12/21/2017

2017 in Review: The Best Canadian Films of the Year

Don't Talk to Irene, Rumble, Dim the Fluorescents, Long Time Running,
Adventures in Public School
and Hochelaga are the year's best Canadian films.

It’s been a quietly respectable year for Canadian film. I realise that statement might not read like a compliment, but I’m still caught off guard by how hard it was to see Canadian movies this year. In the seven years that I’ve been writing this blog and covering the Canadian film beat, or at least trying my best to do so, 2017 posed the biggest struggle for finding Canadian content. It just wasn’t out there as much as it’s been in previous years, or, if it was, it was far less visible.

I can’t really pinpoint the major factors. Too few major directors? Maybe. But with Denis Villeneuve doing Blade Runner, Jean-Marc Vallée doing Big Little Lies, and Sarah Polley/Mary Harron doing Alias Grace, this year could have crowned the next Canadian auteur. I’m sure more than one of the directors on the list below is destined for greatness, and some have already arrived, but I think we collectively slept on giving them the boosts they needed while we focused our attention on unnecessary sequels for Goon and Bon Cop, Bad Cop, which weren’t even worth writing about let alone seeing.

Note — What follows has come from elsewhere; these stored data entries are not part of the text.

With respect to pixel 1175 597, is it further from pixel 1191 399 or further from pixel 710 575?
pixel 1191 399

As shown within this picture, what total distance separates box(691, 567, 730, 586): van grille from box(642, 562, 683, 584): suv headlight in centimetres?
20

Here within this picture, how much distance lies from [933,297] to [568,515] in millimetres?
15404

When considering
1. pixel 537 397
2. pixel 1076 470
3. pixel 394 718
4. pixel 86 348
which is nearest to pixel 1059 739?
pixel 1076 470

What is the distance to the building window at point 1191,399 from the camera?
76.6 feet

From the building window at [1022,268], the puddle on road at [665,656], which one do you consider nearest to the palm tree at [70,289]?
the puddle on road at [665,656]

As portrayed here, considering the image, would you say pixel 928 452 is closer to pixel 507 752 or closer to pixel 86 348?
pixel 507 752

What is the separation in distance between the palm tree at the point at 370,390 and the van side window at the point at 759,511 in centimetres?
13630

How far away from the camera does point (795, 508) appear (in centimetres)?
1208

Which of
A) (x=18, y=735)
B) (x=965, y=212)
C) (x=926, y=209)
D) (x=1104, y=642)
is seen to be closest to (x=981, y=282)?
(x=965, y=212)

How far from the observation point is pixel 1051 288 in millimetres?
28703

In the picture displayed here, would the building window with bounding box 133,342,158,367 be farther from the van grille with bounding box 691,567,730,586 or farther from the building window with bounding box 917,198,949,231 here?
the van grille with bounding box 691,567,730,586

We also had Maudie, which boasted a performance by Sally Hawkins that could have landed her at the Oscars if she wasn’t destined for the podium for The Shape of Water. And I must admit that I admired Maudie’s legs every time I stepped out of my apartment and saw her name on the marquee of the Mt. Pleasant theatre where it ran for 30 consecutive weeks. It’s one film one on screen in one city, but if a movie has word of mouth strong enough to carry it for that long of a run, we must be doing something right.

Maybe let’s go back to the “quietly respectable thing.” The majority of the films here are very small personal films, but their independence and autonomy makes them strong. In some way, the best Canadian films of 2017 gave us one great character to which we could relate, identify, and spend two hours immersed in the experiences of others. Maybe that great character was a plus-sized high schooler, the poet of Canadian rock, a young Afghan girl, or a site of history, but the best Canadian films this year used singular experiences to tell stories that zoomed back to teach us more about ourselves and find universal resonance within a unique tale. 

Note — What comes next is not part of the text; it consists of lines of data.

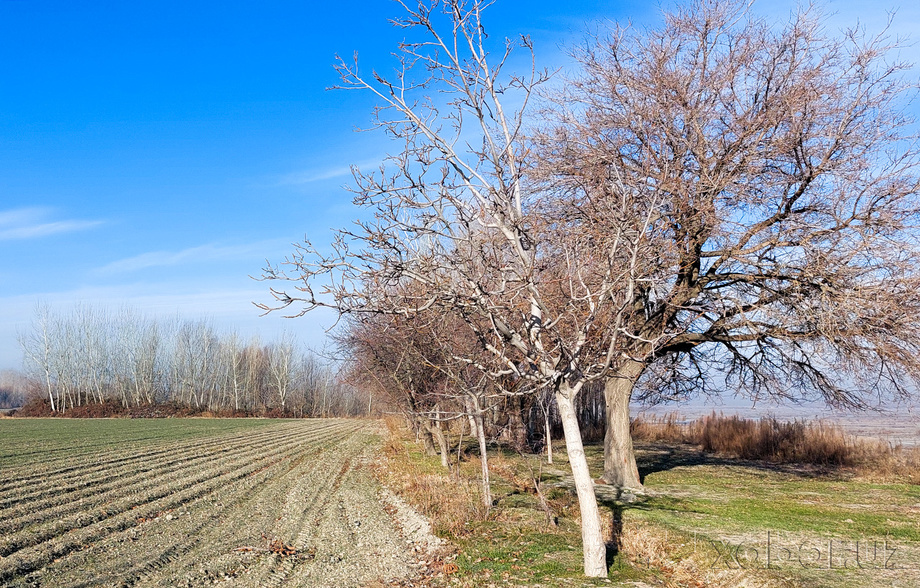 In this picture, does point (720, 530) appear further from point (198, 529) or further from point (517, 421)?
point (198, 529)

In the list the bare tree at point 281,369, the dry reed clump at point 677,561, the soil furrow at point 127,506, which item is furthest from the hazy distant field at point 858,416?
the bare tree at point 281,369

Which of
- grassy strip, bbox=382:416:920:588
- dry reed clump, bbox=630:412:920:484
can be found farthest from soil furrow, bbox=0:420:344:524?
dry reed clump, bbox=630:412:920:484

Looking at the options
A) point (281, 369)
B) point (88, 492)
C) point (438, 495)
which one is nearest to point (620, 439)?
point (438, 495)

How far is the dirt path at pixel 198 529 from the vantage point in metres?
8.48

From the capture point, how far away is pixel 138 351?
278ft

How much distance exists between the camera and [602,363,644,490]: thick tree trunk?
47.2ft

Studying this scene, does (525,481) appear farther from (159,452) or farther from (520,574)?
(159,452)

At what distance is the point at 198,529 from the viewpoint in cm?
1138

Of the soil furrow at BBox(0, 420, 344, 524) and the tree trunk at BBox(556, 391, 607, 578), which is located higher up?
the tree trunk at BBox(556, 391, 607, 578)

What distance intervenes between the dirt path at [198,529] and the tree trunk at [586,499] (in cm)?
260

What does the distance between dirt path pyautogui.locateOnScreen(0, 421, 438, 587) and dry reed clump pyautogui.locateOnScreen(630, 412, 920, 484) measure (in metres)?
13.8

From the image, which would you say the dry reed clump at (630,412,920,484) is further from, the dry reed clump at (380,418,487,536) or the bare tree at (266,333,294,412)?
the bare tree at (266,333,294,412)

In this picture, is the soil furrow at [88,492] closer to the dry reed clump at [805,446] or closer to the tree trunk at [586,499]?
the tree trunk at [586,499]

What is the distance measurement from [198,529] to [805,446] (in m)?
18.7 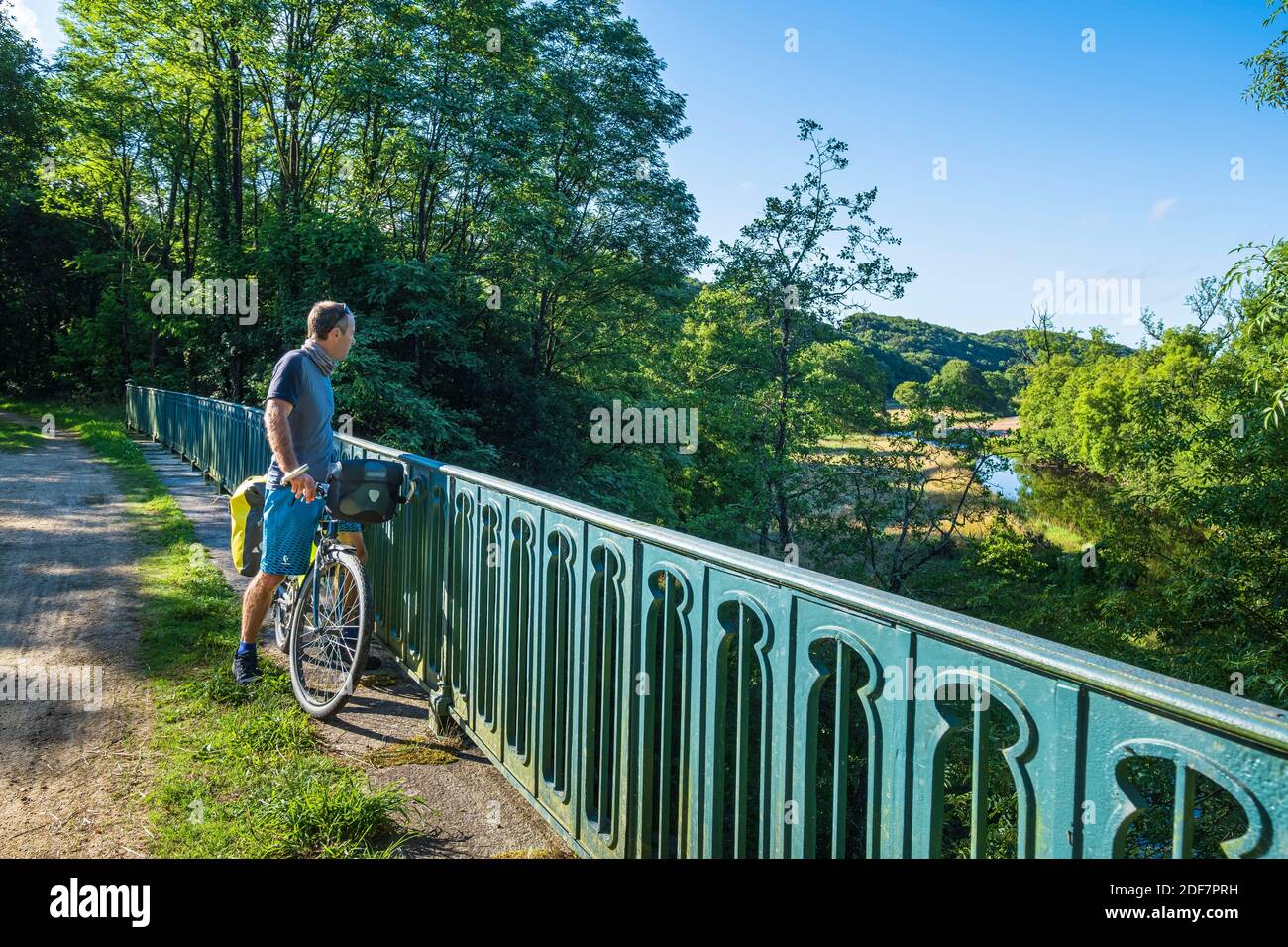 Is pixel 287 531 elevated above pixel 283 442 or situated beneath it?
situated beneath

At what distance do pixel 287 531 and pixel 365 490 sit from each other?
1.44ft

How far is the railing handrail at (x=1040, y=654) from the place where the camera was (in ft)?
3.86

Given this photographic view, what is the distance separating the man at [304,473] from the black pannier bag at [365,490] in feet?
0.37

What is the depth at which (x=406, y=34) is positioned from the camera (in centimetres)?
1900

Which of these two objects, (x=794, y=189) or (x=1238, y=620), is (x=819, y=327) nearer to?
(x=794, y=189)

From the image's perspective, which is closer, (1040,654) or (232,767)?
(1040,654)

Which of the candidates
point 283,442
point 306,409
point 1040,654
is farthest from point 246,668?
point 1040,654

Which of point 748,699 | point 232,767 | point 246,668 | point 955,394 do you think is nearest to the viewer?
point 748,699

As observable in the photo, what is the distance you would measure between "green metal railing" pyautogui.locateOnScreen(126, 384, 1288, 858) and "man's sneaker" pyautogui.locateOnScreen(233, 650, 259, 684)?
726 millimetres

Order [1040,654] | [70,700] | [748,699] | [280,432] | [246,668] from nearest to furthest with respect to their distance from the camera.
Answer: [1040,654] < [748,699] < [280,432] < [70,700] < [246,668]

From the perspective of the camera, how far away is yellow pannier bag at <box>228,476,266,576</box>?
4570 mm

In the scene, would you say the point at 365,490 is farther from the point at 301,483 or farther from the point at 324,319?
the point at 324,319

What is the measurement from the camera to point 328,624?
4266 mm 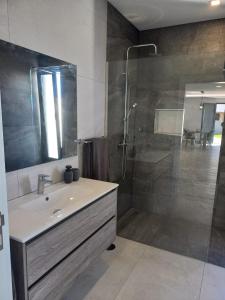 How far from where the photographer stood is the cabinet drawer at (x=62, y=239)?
1.19m

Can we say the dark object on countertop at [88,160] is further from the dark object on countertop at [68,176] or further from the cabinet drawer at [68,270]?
the cabinet drawer at [68,270]

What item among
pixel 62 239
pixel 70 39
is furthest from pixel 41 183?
pixel 70 39

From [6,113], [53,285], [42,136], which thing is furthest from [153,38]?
[53,285]

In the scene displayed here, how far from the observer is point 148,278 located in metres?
1.97

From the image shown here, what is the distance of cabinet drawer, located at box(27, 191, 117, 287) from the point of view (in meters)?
1.19

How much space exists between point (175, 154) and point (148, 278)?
4.98 feet

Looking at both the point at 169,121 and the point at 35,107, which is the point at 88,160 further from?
the point at 169,121

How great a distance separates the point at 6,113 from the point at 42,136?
1.20ft

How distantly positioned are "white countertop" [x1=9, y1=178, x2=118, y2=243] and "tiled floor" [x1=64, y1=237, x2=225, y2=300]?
80cm

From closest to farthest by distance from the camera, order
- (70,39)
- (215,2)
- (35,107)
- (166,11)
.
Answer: (35,107) → (70,39) → (215,2) → (166,11)

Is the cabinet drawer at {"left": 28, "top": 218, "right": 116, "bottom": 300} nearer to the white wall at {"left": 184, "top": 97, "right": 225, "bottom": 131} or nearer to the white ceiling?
the white wall at {"left": 184, "top": 97, "right": 225, "bottom": 131}

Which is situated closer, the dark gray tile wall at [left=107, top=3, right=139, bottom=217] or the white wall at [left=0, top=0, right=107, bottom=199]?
the white wall at [left=0, top=0, right=107, bottom=199]

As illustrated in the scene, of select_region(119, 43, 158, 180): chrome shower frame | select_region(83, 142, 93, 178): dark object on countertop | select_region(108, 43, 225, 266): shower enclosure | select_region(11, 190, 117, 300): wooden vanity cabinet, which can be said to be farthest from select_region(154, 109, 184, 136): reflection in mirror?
select_region(11, 190, 117, 300): wooden vanity cabinet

Here are my picks for the ten best Canadian films of 2017. Please note that, as always with the list for the best Canadian films of the year, this list considers both theatrical releases and festival screenings. (So Window Horses, Those Who Make Revolution Halfway Only Dig Their Own Graves and Maudie all made last year’s column.)

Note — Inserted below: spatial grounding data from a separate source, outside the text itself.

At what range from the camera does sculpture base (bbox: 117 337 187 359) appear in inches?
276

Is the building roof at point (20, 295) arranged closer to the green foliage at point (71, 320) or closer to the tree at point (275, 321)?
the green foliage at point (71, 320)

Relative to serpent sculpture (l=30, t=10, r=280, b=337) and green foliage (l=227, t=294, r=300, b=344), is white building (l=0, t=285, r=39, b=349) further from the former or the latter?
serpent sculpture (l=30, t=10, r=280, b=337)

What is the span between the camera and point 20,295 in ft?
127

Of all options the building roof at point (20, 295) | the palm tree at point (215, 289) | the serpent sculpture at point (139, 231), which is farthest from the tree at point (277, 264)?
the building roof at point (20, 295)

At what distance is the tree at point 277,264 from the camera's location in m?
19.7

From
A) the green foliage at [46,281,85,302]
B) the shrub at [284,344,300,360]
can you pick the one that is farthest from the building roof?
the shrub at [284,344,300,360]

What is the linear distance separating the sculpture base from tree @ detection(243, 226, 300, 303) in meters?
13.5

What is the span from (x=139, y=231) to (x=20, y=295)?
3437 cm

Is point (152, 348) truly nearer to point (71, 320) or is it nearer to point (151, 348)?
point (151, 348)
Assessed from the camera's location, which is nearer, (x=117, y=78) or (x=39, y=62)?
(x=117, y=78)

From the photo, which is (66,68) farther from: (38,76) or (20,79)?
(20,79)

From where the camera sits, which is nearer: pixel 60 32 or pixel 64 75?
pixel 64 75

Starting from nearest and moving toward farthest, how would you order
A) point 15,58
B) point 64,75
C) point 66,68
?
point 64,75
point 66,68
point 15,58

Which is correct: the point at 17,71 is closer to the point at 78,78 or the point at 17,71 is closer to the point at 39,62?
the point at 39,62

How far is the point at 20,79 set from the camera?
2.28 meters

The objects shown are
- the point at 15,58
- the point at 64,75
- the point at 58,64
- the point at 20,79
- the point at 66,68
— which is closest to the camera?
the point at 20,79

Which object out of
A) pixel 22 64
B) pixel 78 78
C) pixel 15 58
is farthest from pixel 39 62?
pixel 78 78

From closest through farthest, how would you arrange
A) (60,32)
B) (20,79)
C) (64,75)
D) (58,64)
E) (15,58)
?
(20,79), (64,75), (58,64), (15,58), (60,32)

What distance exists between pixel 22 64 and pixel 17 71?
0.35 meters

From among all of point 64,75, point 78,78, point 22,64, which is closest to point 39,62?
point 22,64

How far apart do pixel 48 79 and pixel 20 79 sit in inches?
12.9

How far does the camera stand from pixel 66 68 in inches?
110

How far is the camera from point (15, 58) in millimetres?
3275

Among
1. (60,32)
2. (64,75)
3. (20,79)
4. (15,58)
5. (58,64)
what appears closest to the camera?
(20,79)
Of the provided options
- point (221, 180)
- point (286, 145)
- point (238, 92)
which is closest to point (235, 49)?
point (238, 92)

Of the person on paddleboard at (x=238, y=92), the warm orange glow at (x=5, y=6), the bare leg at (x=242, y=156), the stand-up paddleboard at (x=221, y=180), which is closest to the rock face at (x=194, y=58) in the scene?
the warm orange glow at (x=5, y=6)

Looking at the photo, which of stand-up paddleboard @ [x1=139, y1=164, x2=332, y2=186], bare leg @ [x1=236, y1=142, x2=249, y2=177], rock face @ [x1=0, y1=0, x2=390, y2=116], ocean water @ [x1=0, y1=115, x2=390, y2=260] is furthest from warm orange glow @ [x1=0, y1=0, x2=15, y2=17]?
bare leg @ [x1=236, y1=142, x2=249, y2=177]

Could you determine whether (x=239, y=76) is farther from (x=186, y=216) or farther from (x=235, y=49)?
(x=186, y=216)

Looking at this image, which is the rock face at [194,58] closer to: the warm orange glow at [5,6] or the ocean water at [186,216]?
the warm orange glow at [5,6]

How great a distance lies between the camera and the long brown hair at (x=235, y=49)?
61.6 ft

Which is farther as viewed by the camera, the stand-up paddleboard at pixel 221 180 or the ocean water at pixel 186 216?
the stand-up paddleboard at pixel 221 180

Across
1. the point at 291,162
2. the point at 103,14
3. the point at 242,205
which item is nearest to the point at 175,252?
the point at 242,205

The Top 10 Canadian Films of 2017:


10. Rebels on Pointe

(Dir. Bobbi Jo Hart)

Bobbi Jo Hart does a grand jeté with the wonderfully inclusive dance documentary Rebels on Pointe. The film goes backstage to profile Les Ballets Trockadero de Monte Carlo, the successful New York based company that knocks the stuffy art of ballet off its pedestal with its all-male, all-gay, and all-drag ballet. Hart presents the usual sequences of choreography, practice, physiotherapy, and make-up application, but Rebels on Pointe gives them a distinctive spin as the dancers have a laissez-faire attitude that one doesn’t often see behind the scenes. Plus, it features the best un-ironic use of Jann Arden’s “Good Mother” you’ll ever hear.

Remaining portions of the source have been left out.